Part A - Section 1.8: Visual Anagrams

We can create optical illusions with diffusion models, where the image looks like one image right side up, but a different image upside down. We will denoise an image at step t to get a noise estimate. At the same time we will flip the image upside down and get another noise estimate. We flipped the second noise estimate to make it right side up and then average the two estimates. We then do a reverse diffusion step with the new averaged noise estimate: $ϵ_{1} = UNet (x_{t}, t, p_{1})$ $ϵ_{2} = flip (UNet (flip (x_{t}), t, p_{2}))$ $ϵ = (ϵ_{1} + ϵ_{2}) / 2$

(old man + people around campfire) anagram

anagram flipped

(mean wearing hat + snowy mountain village) anagram

anagram flipped

(skull + dog) anagram

anagram flipped

Part A - Section 1.9: Hybrid Images

In order to create hybrid images with a diffusion model we can use a similar technique as in Section 1.8. We will create a composite noise estimate , by estimating the noise with two different text prompts, and then combining low frequencies from one noise estimate with high frequencies of the other. The algorithm is: $ϵ_{1} = UNet (x_{t}, t, p_{1})$ $ϵ_{2} = UNet (x_{t}, t, p_{2})$ $ϵ = f_{lowpass} (ϵ_{1}) + f_{highpass} (ϵ_{2})$

skull + waterfall

dog + almafi cost

rocket ship + pencil

Part B: Diffusion Models from Scratch!

Part B - Section 1: Training a Single-Step Denoising UNet

Given a noisy image z, we aim to train a denoiser D_Θ such that it maps z to a clean image x. To do so, we can optimize over an L2 loss: $\begin{matrix} L = E_{z, x} ‖ D_{θ} (z) - x ‖^{2} \end{matrix}$

Part B - Section 1.1: Implementing the UNet

UNet Operations

Our UNet will comprised of various simple and composed operations.
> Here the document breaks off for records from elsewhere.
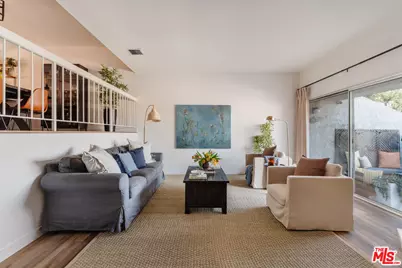 18348 Collins St #C, Tarzana, CA 91356 - Photo 1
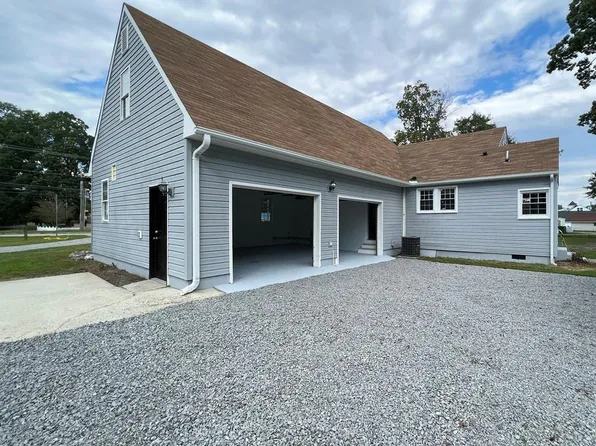 1509 Bolling Rd, Roanoke Rapids, NC 27870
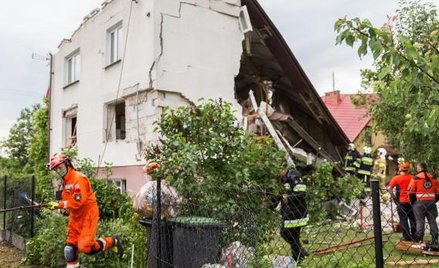 Przez kilkanaście godzin trwała akcja ratunkowa po wybuchu gazu w Chodlu. W nocy strażacy wyciągnęli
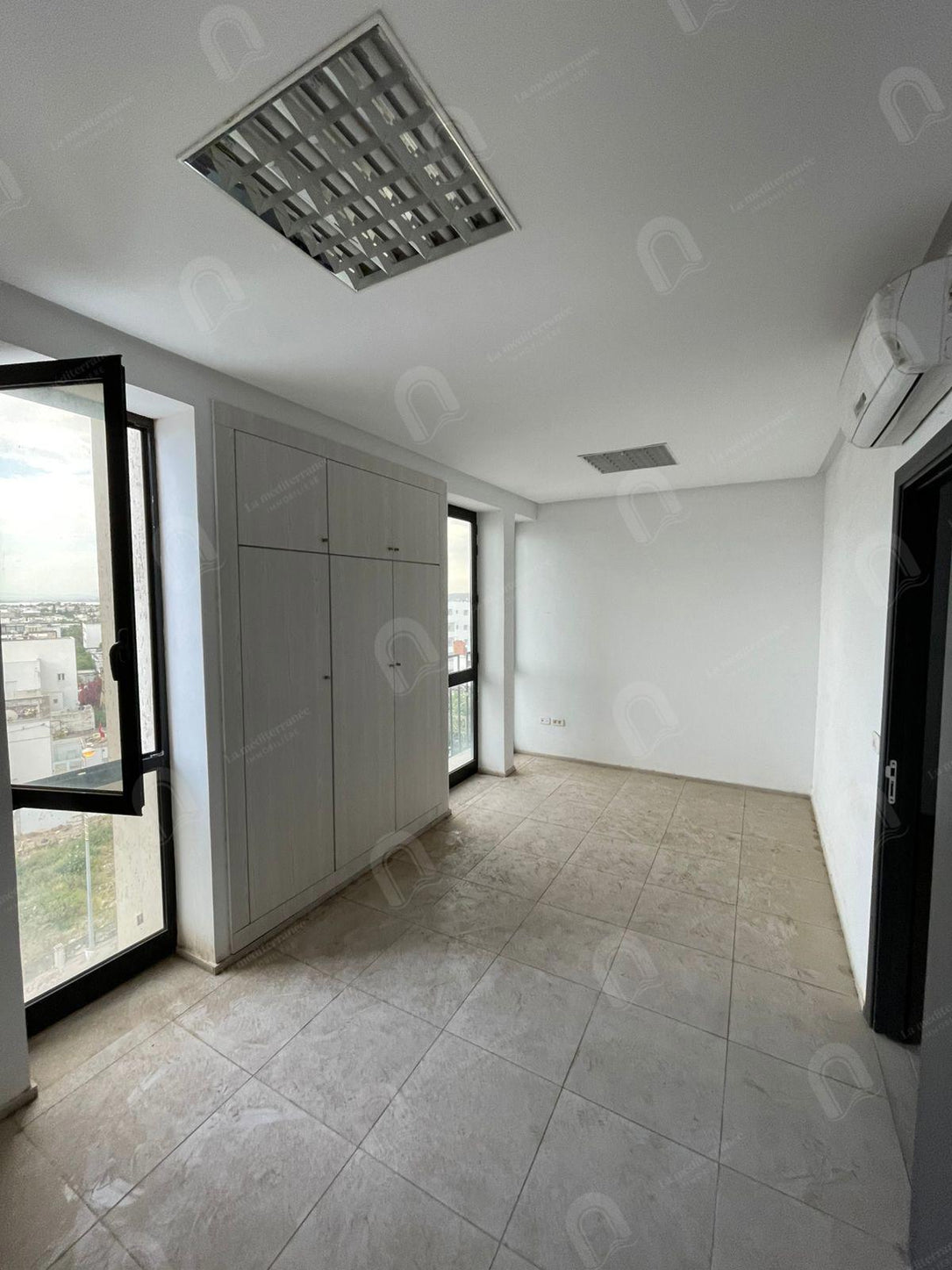 A vendre Bureau H+1 au bardo avenue hbib borguiba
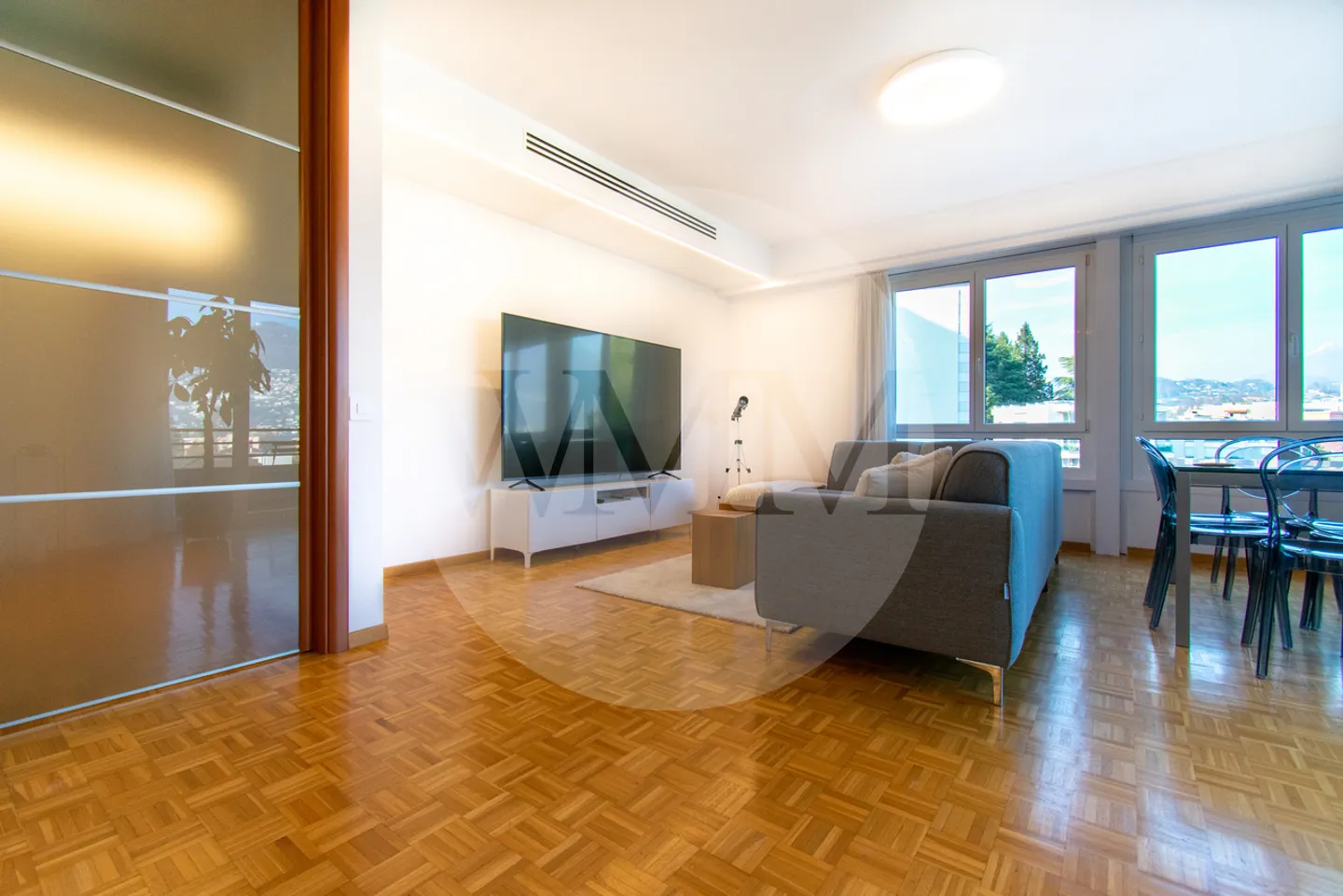 LUMINOSO ATTICO ARREDATO CON BALCONE E VISTA PANORAMICA - Foto 5 di 15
We can implement these operations' forward passes as building blocks for our net.

Conv - Run a 2D batch normalization on a 2D convolution with stride length 1, then run a GELU function on that batch

DownConv - Run a 2D batch normalization on a 2D convolution with stride length 2, then run a GELU function on that batch

UpConv - Run a 2D batch normalization on a 2D convolution with stride length 2 and input padding, then run a GELU function on that batch

Flatten - Run 2D average pooling on tensor with kernel size 7

Unflatten - Run a 2D transposed convolution with kernel size 7 and stride length 1

ConvBlock - Call our previous 'Conv' operation on the tensor twice

DownBlock - Run the 'ConvBlock' operation on the 'DownConv' operation

UpBlock - Run the 'ConvBlock' operation on the 'UpConv' operation

Unconditional

For the unconditional UNet, the order of operations will be \[DownBlock \rightarrow DownBlock \rightarrow Flatten \rightarrow Unflatten \rightarrow UpBlock \rightarrow UpBlock \rightarrow Conv, \] where we have ConvBlock in DownBlock and UpBlock.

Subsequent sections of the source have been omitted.